Chapter 4 One-Sample

Use one-sample tests to either describe a single variable’s frequency or central tendency, or to compare the frequency or central tendency to a hypothesized distribution or value.

If the data generating process produces continuous outcomes (interval or ratio), and the outcomes are symmetrically distributed, the sample mean, \(\bar{x}\), is a random variable centered at the population mean, \(\mu\). You can then use a theoretical distribution (normal or student t) to estimate a 95% confidence interval (CI) around \(\mu\), or compare \(\bar{x}\) to an hypothesized population mean, \(\mu_0\). If you (somehow) know the population variance, or the Central Limit Theorem (CLT) conditions hold, you can assume the random variable is normally distributed and use the z-test, otherwise assume the random variable has student t distribution and use the t-test.⁴ If the data generating process produces continuous outcomes that are not symmetrically distributed, use a non-parametric test like the Wilcoxon median test.

If the data generating process produces discrete outcomes (counts), the sample count, \(x\), is a random variable from a Poisson, binomial, normal, or multinomial distribution, or a random variable from a theoretical outcome.

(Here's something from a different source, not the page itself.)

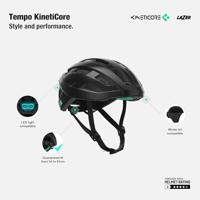 Lazer Tempo Kineticore Helm Wit - thumbnail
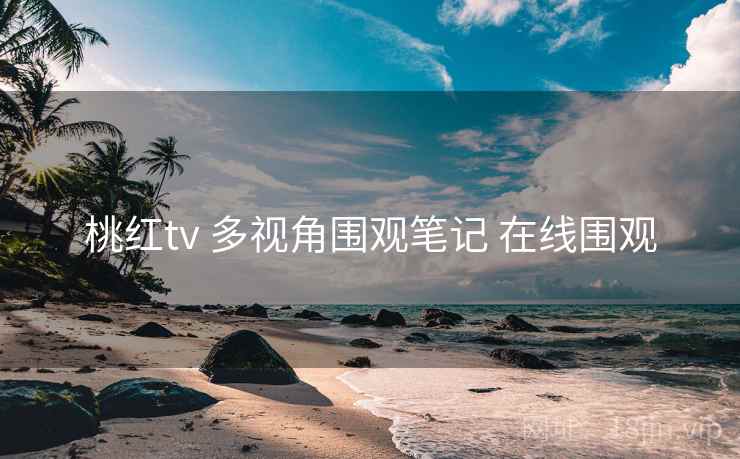 桃红tv 多视角围观笔记 在线围观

For counts over a fixed time or space, treat the count as a random variable from a Poisson distribution with expected value \(\lambda\) and variance \(\lambda\).
For counts within a fixed total that are then classified into two levels (usually yes/no), then treat the count as a random variable from a binomial distribution with expected value \(n\pi\) and variance \(n\pi(1-\pi)\).
For binomial distributions where \(n\ge30\) and the frequency counts of both levels is \(\ge\) 5, treat the proportion as a random variable from the normal distribution with expected valued \(\pi\) and variance \(\frac{\pi(1-\pi)}{n}\).
For counts within a fixed total that are then classified into three or more levels, treat the count as a random variable from the multinomial distribution with expected value \(n\pi_j\) and variance \(n\pi_j(1-\pi_j)\).

Whatever the source of the expected values, you use either the chi-squared goodness-of-fit test or G test to test whether the observed values fit the expected values from the distribution. In the special case of binary outcomes with small (n < 1,000), you can use Fisher’s exact test instead. The discrete variable tests are discussed in PSU STATS 504.

The t-test returns nearly the same result as the z-test when the CLT holds, so in practice no one bothers with the z-test except as an aid to teach the t-test.↩︎